▶ **TASK PROMPT**
Pictures in the records below must be left out. Return exactly the lines from the line with "This diagnostic error" to the line with "Hi, this is", both included.

** EXTRACTED DATA follows **

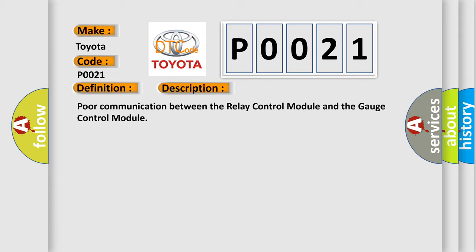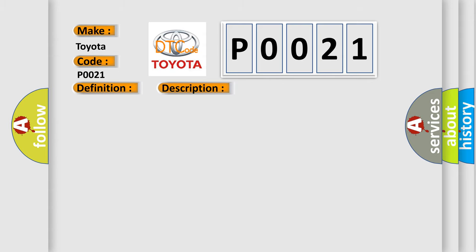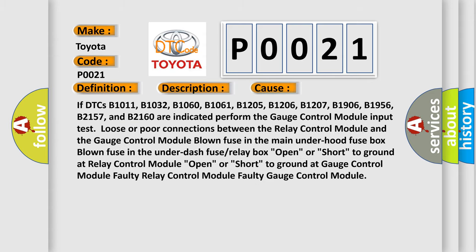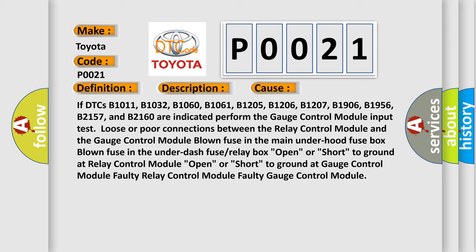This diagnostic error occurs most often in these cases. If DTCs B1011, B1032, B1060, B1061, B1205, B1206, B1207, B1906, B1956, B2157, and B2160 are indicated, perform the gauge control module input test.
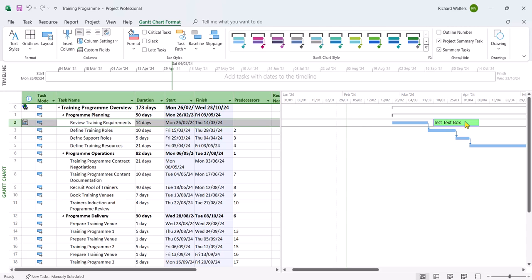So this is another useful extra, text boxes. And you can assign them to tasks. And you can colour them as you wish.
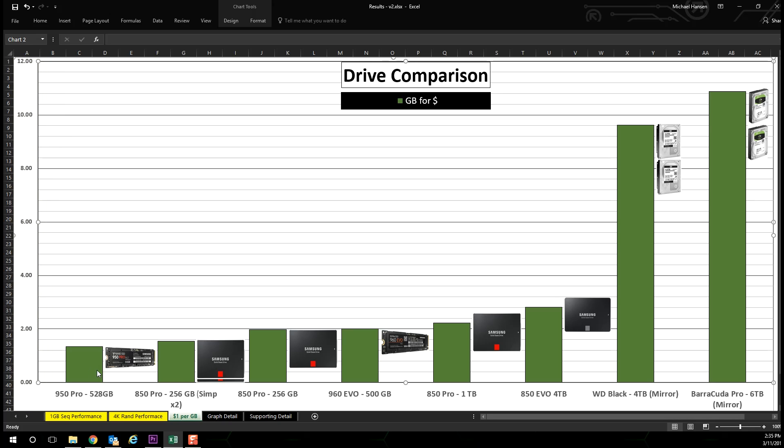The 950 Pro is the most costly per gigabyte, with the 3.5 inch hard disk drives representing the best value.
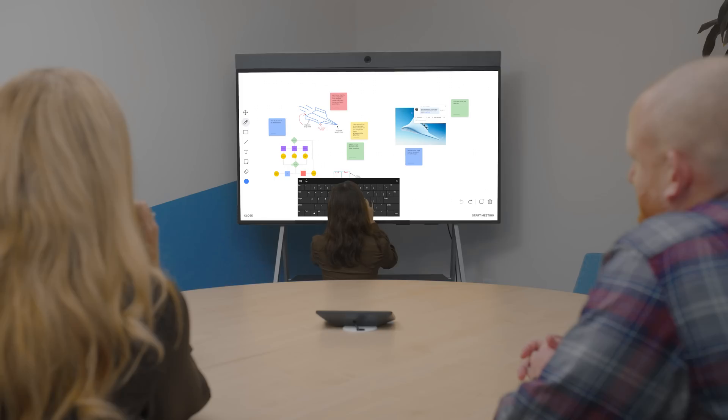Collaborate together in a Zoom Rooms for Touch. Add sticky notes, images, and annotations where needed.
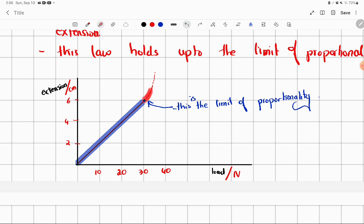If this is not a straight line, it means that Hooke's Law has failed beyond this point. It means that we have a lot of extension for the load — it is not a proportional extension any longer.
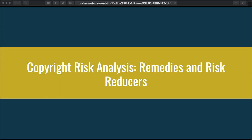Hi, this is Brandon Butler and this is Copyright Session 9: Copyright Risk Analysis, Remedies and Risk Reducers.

** End of EXTRACTED DATA **
** EXTRACTED DATA follows **

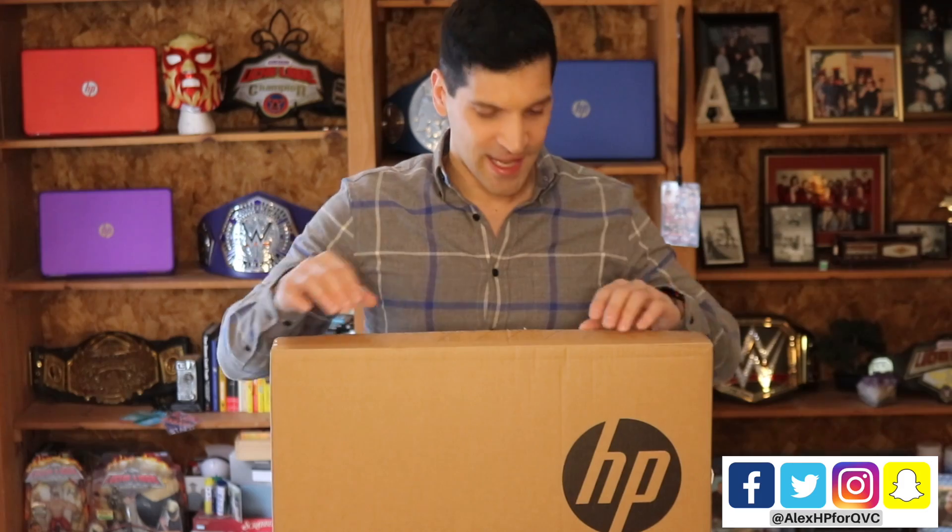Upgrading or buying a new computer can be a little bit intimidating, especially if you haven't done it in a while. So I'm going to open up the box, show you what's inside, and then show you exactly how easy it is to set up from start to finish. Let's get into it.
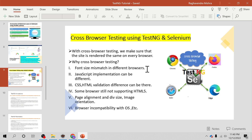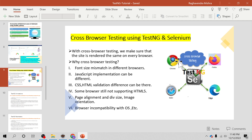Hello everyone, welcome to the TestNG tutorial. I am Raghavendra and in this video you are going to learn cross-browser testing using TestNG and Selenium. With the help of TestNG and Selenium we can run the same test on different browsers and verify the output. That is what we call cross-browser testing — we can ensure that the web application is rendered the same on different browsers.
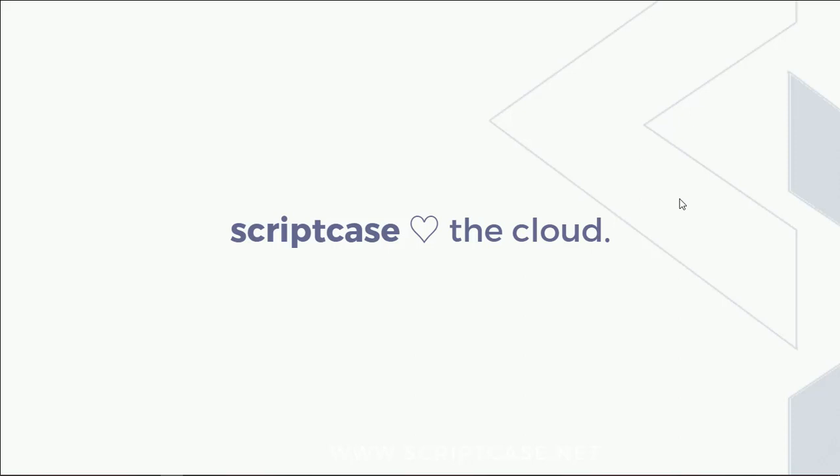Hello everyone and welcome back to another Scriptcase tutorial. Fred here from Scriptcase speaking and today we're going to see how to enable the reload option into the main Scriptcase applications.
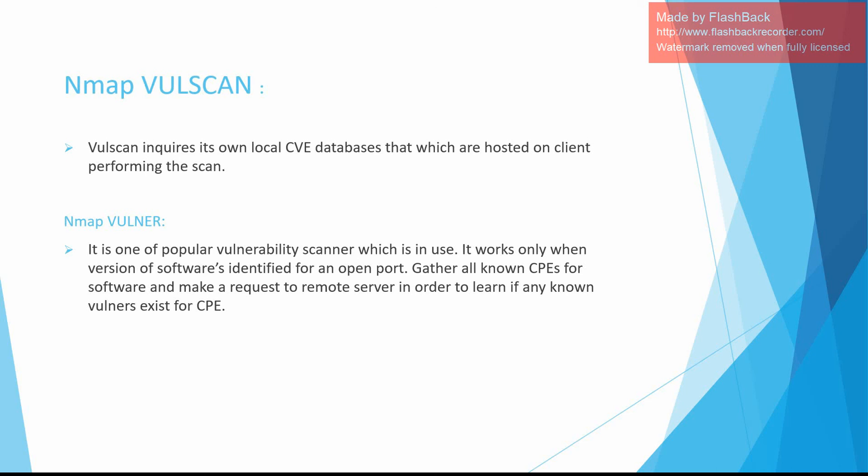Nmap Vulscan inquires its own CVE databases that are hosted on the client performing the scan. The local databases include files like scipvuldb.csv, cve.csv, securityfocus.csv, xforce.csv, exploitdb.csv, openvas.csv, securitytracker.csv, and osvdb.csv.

** End of EXTRACTED DATA **
** EXTRACTED DATA follows **

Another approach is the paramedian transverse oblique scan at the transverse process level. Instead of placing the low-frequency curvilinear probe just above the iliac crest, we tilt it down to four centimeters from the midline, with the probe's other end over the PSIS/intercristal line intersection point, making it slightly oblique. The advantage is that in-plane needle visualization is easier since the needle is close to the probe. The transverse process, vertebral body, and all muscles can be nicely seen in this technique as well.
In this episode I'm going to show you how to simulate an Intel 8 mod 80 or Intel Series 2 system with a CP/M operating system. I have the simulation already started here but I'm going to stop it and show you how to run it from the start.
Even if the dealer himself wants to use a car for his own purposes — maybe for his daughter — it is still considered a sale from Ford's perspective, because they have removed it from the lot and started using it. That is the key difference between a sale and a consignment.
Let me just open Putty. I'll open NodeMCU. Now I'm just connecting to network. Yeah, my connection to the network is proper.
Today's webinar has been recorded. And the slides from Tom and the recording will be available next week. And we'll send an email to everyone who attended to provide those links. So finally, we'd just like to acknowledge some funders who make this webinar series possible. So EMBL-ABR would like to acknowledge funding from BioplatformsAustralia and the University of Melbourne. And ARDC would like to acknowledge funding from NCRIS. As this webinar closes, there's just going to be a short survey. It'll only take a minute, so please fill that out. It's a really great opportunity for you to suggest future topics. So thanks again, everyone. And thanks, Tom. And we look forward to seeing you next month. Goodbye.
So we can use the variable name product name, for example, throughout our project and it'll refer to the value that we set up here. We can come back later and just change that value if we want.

** End of EXTRACTED DATA **

▶ **WRITTEN RESPONSE**
This diagnostic error occurs most often in these cases. If DTCs B1011, B1032, B1060, B1061, B1205, B1206, B1207, B1906, B1956, B2157, and B2160 are indicated, perform the gauge control module input test.
So this is another useful extra, text boxes. And you can assign them to tasks. And you can colour them as you wish.
The 950 Pro is the most costly per gigabyte, with the 3.5 inch hard disk drives representing the best value.
Collaborate together in a Zoom Rooms for Touch. Add sticky notes, images, and annotations where needed.
If this is not a straight line, it means that Hooke's Law has failed beyond this point. It means that we have a lot of extension for the load — it is not a proportional extension any longer.
Hi, this is Brandon Butler and this is Copyright Session 9: Copyright Risk Analysis, Remedies and Risk Reducers.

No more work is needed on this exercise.